When I should be trying to take advantage of every last day I have with my Hampton folks....I'm not. I'm working my butt off trying to get some money in the bank before I leave.
I was talking to my cousin on the phone and after we'd hung up, she calls back and tells me seriously pray on this whole moving matter because she just wants me to be where God wants me to be. So I instantly think Is she having doubts? Does she think I shouldn't move back home? What would be my alternative? I can't change my mind now! So I decided to get serious about this decision and so I decided to fast so that I could hear from God more clearly. What should I fast from? Not food, I can't afford to lose anymore weight. What else do I do? So I decided to fast from TV. And I only allowed myself an hour a day. Yesterday was my first day on this fast. I figured I'd get so much more done without TV. I ate and fell asleep at 10pm. So me concentrating on what God has to tell me isn't going so well. But tomorrow is my first day off, we'll see how that goes. Pray for me y'all. I don't wanna be disobedient. I'm still not feeling going home, but I don't wanna stay here either.

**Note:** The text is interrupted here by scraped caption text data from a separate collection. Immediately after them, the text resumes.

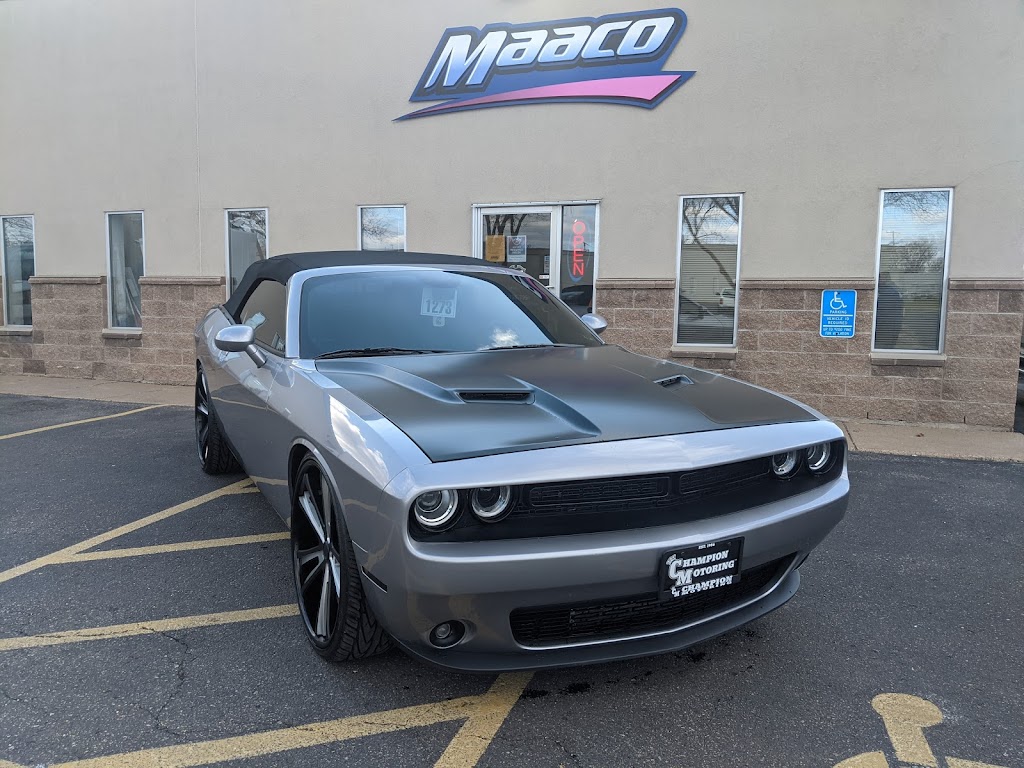 Maaco Auto Body Shop & Painting | 12220 Riverwood Dr, Burnsville, MN 55337 | Phone: (612) 424-1905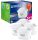  BRITA MAXTRA PRO HARD WATER EXPERT ВЛОЖКА ЗА ВОДЕН ФИЛТЪР ЗА КАНА, 4 БР.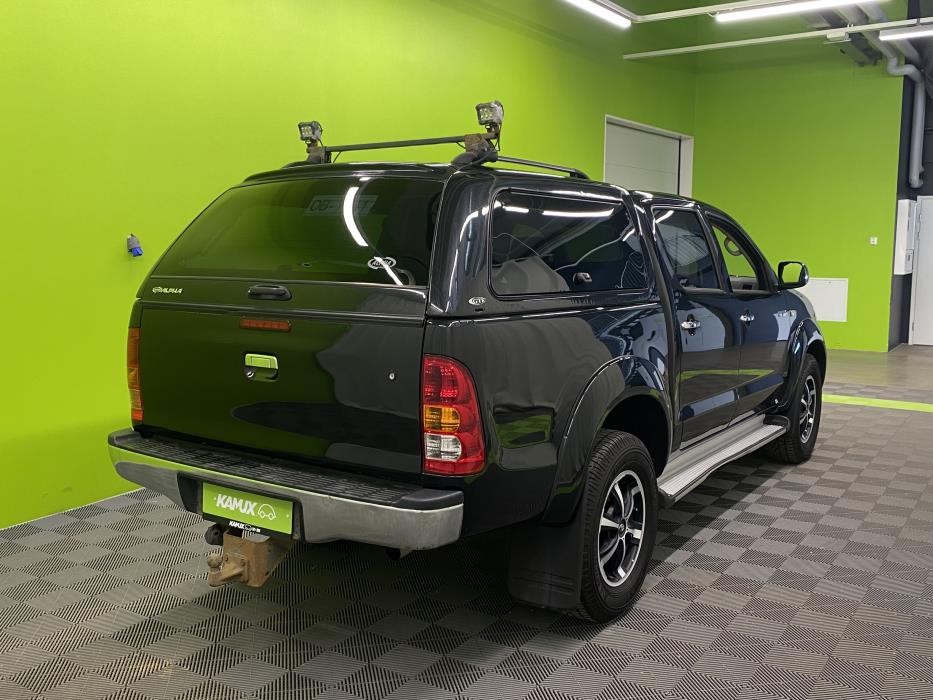 Toyota Hilux 2009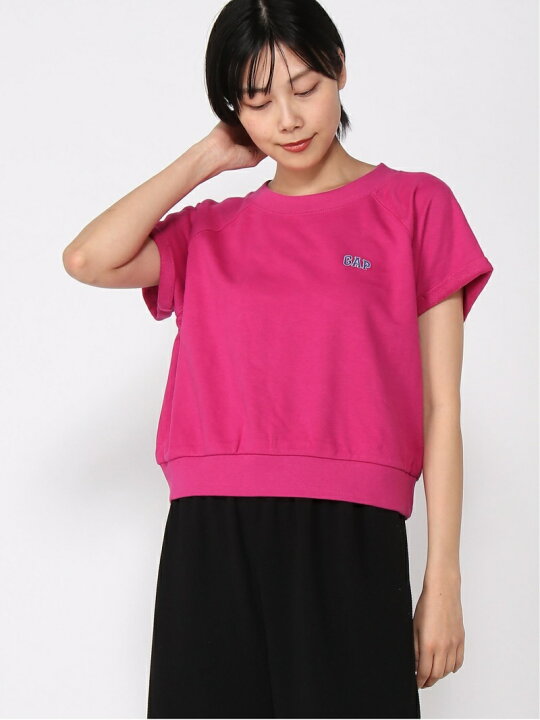 楽天市場】【SALE／50%OFF】マッスル 半袖スウェット GAP ギャップ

Last week while everyone went home for Thanksgiving I stayed and my girl Adrianne let me babysit her Cougar. I've always known it was a blessing to have a car, but its just sooo great. I also found that would be as close to being late as I possibly could. That's not good. On Thanksgiving Day, I ate with my girls Kiana and Yanni. We did it up big. We had wayyy too much food, but that's how its supposed to be on T-day. This week, I'm back on the bus and trying to be appreciative. It's oh so hard.
My temporary boyfriend is back. The neighbor. He's been on the boat forever. I refuse to call him my boyfriend. Adrianne does it because she knows I hate it. Chris says he's just trying to get in my pants. He could be right. All these movies and ice cream is just sexual inuendo (is that how you spell it?). Eh, well keep em coming, try really hard because I could benefit from this.
"innuendo". :) I know it's not my business, but where is "home" if not where you are now? Just was curious.
ReplyDeleteFor most of the people I know home is where their family is. For me, wherever my mother is that's home.